Material for this task ->
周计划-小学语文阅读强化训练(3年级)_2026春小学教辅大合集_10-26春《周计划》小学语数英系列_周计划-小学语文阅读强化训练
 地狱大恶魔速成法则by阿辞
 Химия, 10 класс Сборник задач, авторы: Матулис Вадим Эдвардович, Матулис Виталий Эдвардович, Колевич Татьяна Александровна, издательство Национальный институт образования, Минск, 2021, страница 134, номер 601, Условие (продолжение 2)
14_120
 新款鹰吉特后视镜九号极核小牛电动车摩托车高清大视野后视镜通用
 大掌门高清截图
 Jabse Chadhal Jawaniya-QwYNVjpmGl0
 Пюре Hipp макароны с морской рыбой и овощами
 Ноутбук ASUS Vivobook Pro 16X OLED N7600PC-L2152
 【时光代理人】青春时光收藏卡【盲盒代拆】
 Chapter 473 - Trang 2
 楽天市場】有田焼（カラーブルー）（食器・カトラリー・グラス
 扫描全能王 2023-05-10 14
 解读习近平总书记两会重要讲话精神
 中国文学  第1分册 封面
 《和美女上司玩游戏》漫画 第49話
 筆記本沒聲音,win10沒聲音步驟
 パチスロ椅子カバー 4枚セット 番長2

Activity -> Repeat each record exactly, leaving nothing out.

Exercise answer ->
周计划-小学语文阅读强化训练(3年级)_2026春小学教辅大合集_10-26春《周计划》小学语数英系列_周计划-小学语文阅读强化训练
 地狱大恶魔速成法则by阿辞
 Химия, 10 класс Сборник задач, авторы: Матулис Вадим Эдвардович, Матулис Виталий Эдвардович, Колевич Татьяна Александровна, издательство Национальный институт образования, Минск, 2021, страница 134, номер 601, Условие (продолжение 2)
14_120
 新款鹰吉特后视镜九号极核小牛电动车摩托车高清大视野后视镜通用
 大掌门高清截图
 Jabse Chadhal Jawaniya-QwYNVjpmGl0
 Пюре Hipp макароны с морской рыбой и овощами
 Ноутбук ASUS Vivobook Pro 16X OLED N7600PC-L2152
 【时光代理人】青春时光收藏卡【盲盒代拆】
 Chapter 473 - Trang 2
 楽天市場】有田焼（カラーブルー）（食器・カトラリー・グラス
 扫描全能王 2023-05-10 14
 解读习近平总书记两会重要讲话精神
 中国文学  第1分册 封面
 《和美女上司玩游戏》漫画 第49話
 筆記本沒聲音,win10沒聲音步驟
 パチスロ椅子カバー 4枚セット 番長2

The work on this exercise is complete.